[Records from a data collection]

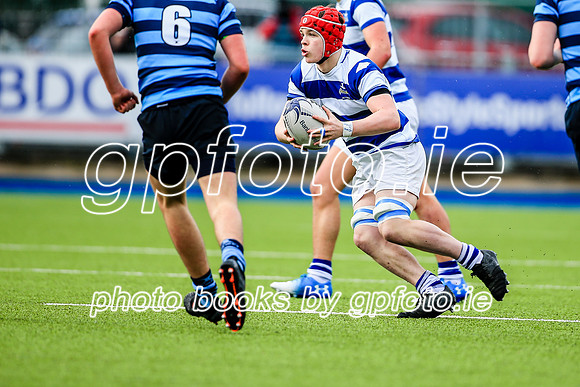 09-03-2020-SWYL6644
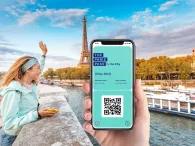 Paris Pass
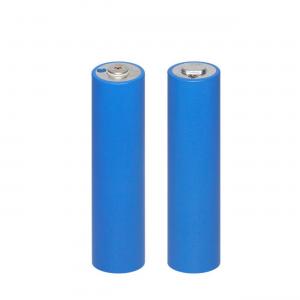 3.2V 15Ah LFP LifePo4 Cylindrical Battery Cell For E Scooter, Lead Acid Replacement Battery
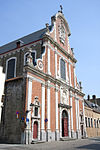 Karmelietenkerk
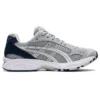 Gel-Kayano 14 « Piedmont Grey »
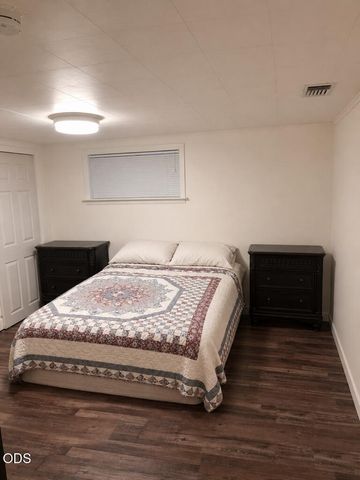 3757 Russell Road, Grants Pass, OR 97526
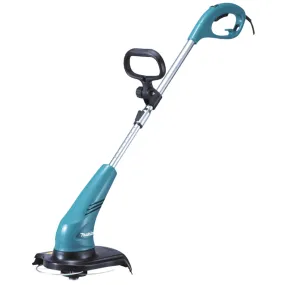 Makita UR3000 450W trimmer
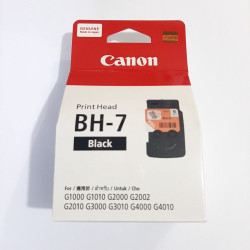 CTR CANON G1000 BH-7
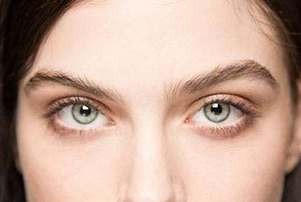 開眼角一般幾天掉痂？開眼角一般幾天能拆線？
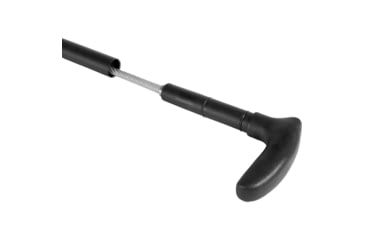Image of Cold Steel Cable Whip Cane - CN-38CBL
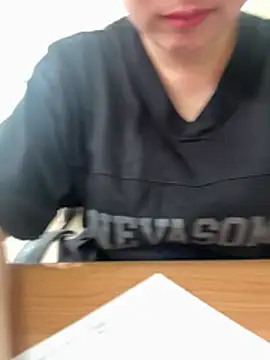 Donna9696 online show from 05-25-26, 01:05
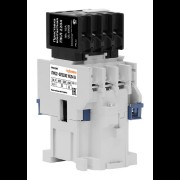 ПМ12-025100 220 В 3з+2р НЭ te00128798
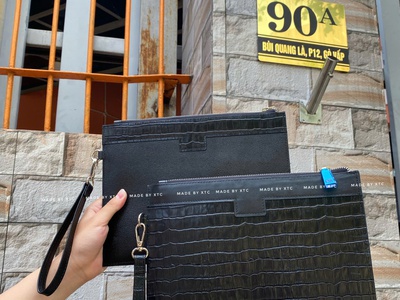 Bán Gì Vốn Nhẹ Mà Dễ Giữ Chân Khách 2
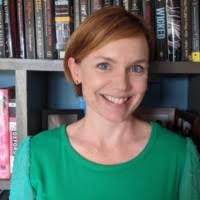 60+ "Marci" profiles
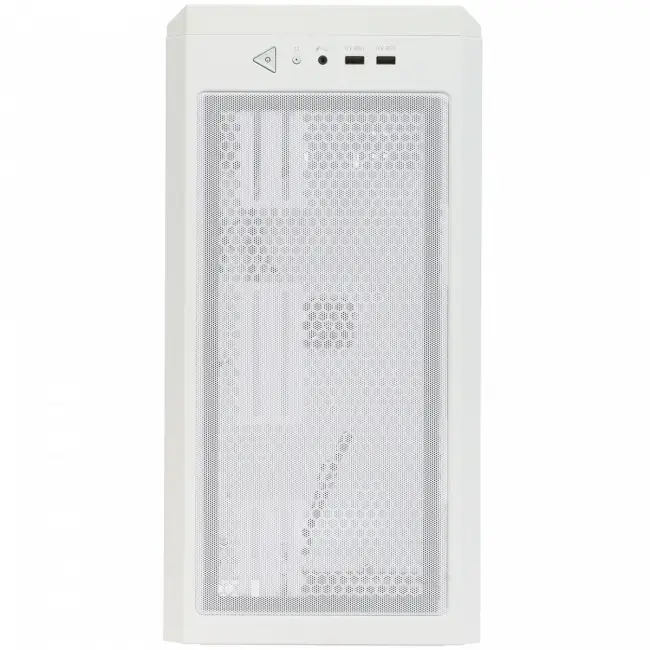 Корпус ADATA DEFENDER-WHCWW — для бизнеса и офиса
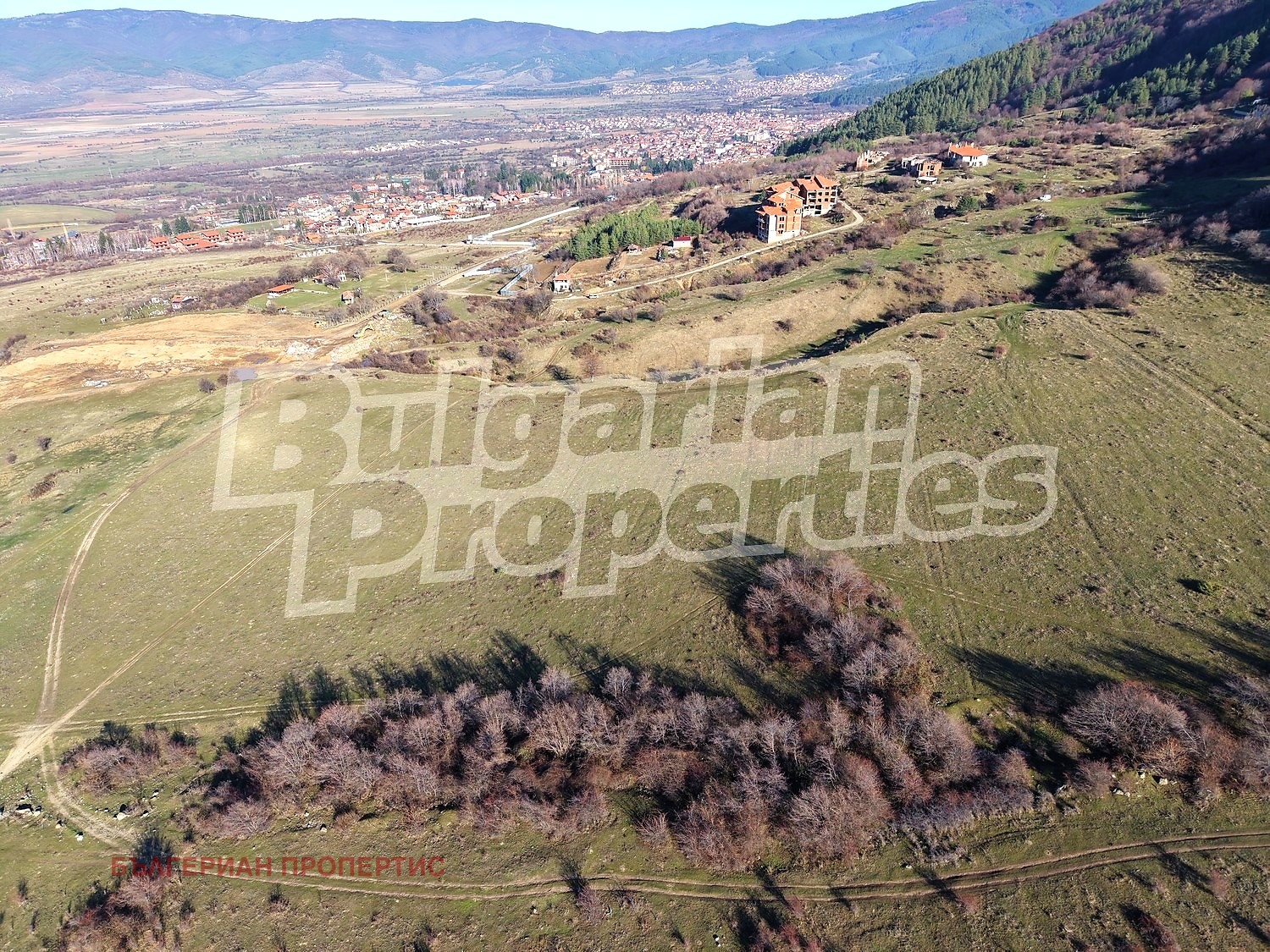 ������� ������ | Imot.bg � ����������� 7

ASSIGNMENT:
Include the first line of the records, the line containing "Donna9696 online show from 05-25-26, 01:05", and every line between them, repeated exactly. Skip the pictures.

ANSWER BOX:
 09-03-2020-SWYL6644
 Paris Pass
 3.2V 15Ah LFP LifePo4 Cylindrical Battery Cell For E Scooter, Lead Acid Replacement Battery
 Karmelietenkerk
 Gel-Kayano 14 « Piedmont Grey »
 3757 Russell Road, Grants Pass, OR 97526
 Makita UR3000 450W trimmer
 CTR CANON G1000 BH-7
 開眼角一般幾天掉痂？開眼角一般幾天能拆線？
Image of Cold Steel Cable Whip Cane - CN-38CBL
 Donna9696 online show from 05-25-26, 01:05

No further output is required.